C’est donc la disposition de l’esprit, & non celle du corps, qui fait valoir notre extérieur[6] ; les agrémens du maintien & du geste, qui ne consistent que dans la régularité convenue des mouvemens, sont purement arbitraires ; ce qui est à cet égard une grace à Paris, pouvant devenir singulier à Madrid ou à Londres ; mais cet air d’attention, d’empressement, cette satisfaction à vous voir, que donne le désir de plaire, réussit toujours, & par-tout il se fait distinguer, même dans les hommes dont nous n’entendons point le langage, il marque une volonté de se rapprocher de nous, qui nous flatte, parce que c’est faire notre éloge, & qui nous dispose à les applaudir & à les aimer.

[6] On peut mettre au rang des qualitez heureuses de la personne, les exercices agréables & les talens, tels que l’art des instrumens, la danse, le chant, &c. qui peuvent en quelque façon se passer du secours de l’esprit. Je ne rappellerai point ici de quel prix ils sont dans la Société ; je remarquerai seulement, que dans celui qui ne les met en usage que pour satisfaire son amour propre, c’est le talent qu’on applaudit. Dans celui qui ne paroît les employer que dans le dessein de concourir aux plaisirs de la Société, c’est la personne qu’on aime & qu’on recherche.

Cette même disposition d’esprit fait également le principal mérite de certaines qualités attachées au caractére, & qui semblent plaire par elles-mêmes.

Il y a, par exemple, une certaine sensibilité à tout ce qui peut rire à l’imagination, ou intéresser le cœur, d’une maniére agréable, dont quelques gens sont heureusement doués ; une disposition à saisir le plaisir, qui se répand dans leurs actions & dans leur entretien ; un goût avec lequel ils agissent dans tout ce que les autres ne paroissent faire que par convenance, caractére qui plaît d’autant plus, qu’il les lie aux personnes avec lesquelles ils vivent par tout ce qui a de l’empire sur elles, soit les goûts, soit les caprices ou la raison.

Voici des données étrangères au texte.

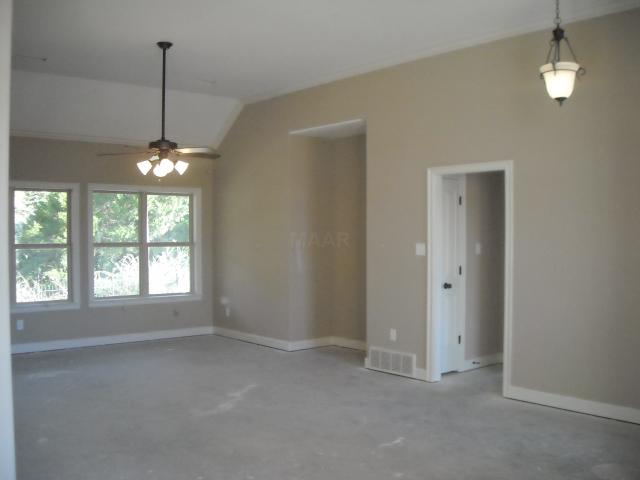 8776 Brunswick Forest Dr, Bartlett, TN 38133 photo 7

On aime encore une sorte de gaieté, marquée à un coin de singularité, qui la rend piquante ; c’est ce mélange de sérieux & d’enjouement, cet extérieur raisonnable & grave, que quelques gens, en petit nombre, conservent dans des momens où leur imagination, naturellement gaie, est emportée par les idées les plus riantes, & même les plus badines ; la joie est en eux une richesse, qu’ils semblent n’y pas connoître, & ne répandre que pour le plaisir des autres.

Mais ces caractéres, quel que soit leur mérite, ne réussissent pas constamment par eux-mêmes, ainsi que les agrémens de la personne, il faut qu’ils ayent pour ame ce désir de plaire, qui met le véritable sceau à toutes les bonnes qualités.